So what? So this gives us a further insight into the anti-Semitism of Labor Party leader Jeremy Corbyn.
[T]he last four weeks have been dominated by stories about our leader attending ceremonies at the graves of those behind the Munich massacre, presiding over Holocaust Memorial Day meetings where Israel was compared to Nazi Germany, and casting doubt on the guilt of Hamas terrorists.
Consider the past week’s revelations alone.
Jeremy Corbyn was photographed next to the leader of the PFLP, a month before they claimed responsibility for the 2014 axe murder of seven rabbis in a Jerusalem synagogue. He spoke at a conference in Doha in 2012 alongside Hamas terrorists and called their speeches “fascinating and electrifying”. And he enjoyed a takeaway dinner in 2010 with Hamas leader Khaled Mashal, who is on Britain’s terror sanctions list.
Ryan also notes that Corbyn and his team are intent on not fixing this problem: "the party has had multiple opportunities since to tackle the scourge of antisemitism. It has missed every one of them." Now why would that be?

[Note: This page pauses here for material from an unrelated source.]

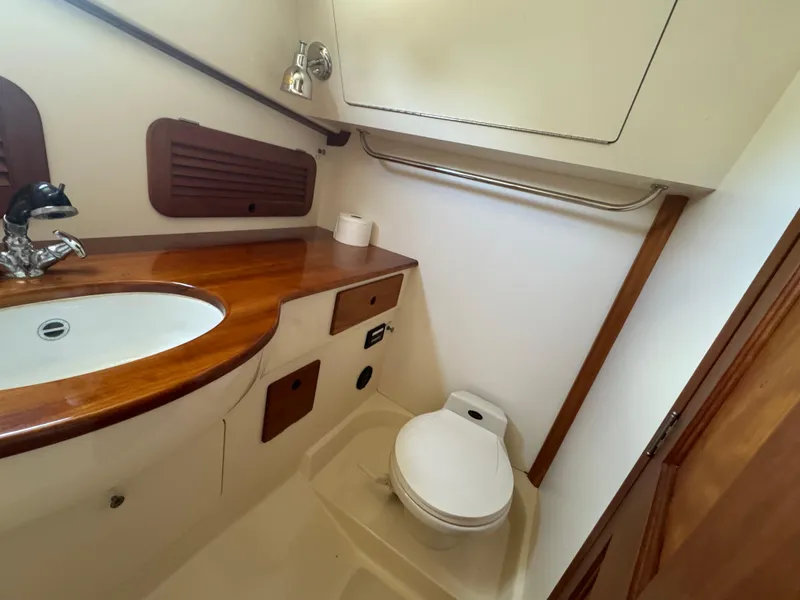 Slide: The Image of 1999 Hinckley Picnic boat bathroom with wooden countertop and compact toilet. - 15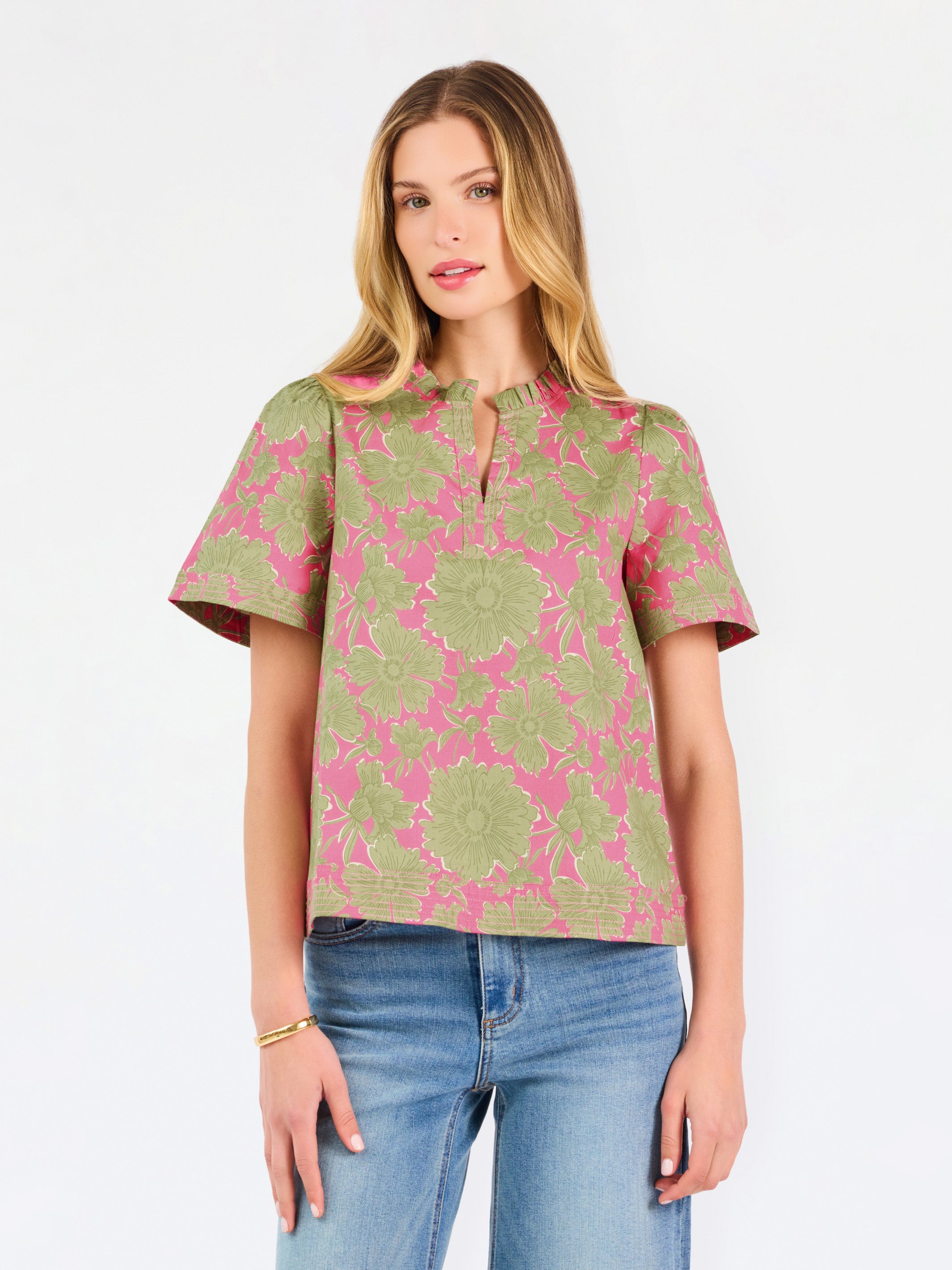 A woman modeling a short-sleeve top with a pink and olive green floral pattern, paired with blue jeans, against a plain white studio background.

The usual answer is that Corbyn and his associates at the top of the Labor Party believe in what they are doing. That is, they truly are anti-Semites. I agree with that explanation. But there is a second explanation, and it is found in the numbers I cited. Corbyn thinks he has a winner in hatred of Jews and Israel. He thinks the anger and fear of British Jews is good for him because it may attract Muslim voters. As Ed Husain (my former colleague at CFR and now writing from London) wrote in The Daily Telegraph, “There are at least 30 seats where the ‘Muslim vote’ can help Labour win.” So Corbyn’s refusal to back away from his anti-Jewish past is both ideological and deeply cynical dirty politics.
Will it work? It certainly displays a low opinion of British Muslims, because it assumes that the best way to earn their votes is not through a positive program of any sort but is instead by suggesting that a vote for Labor is a vote against the Jews. I've been unable to find any poll data that tells us whether it is working--whether, that is, Corbyn's support from Muslim voters rises when he is criticized by British Jews or accused of anti-Semitism.
Whether it works or not, it tells us a great deal about Corbyn. If you thought the anti-Semitism was bad enough, add to that a deep and unprincipled cynicism.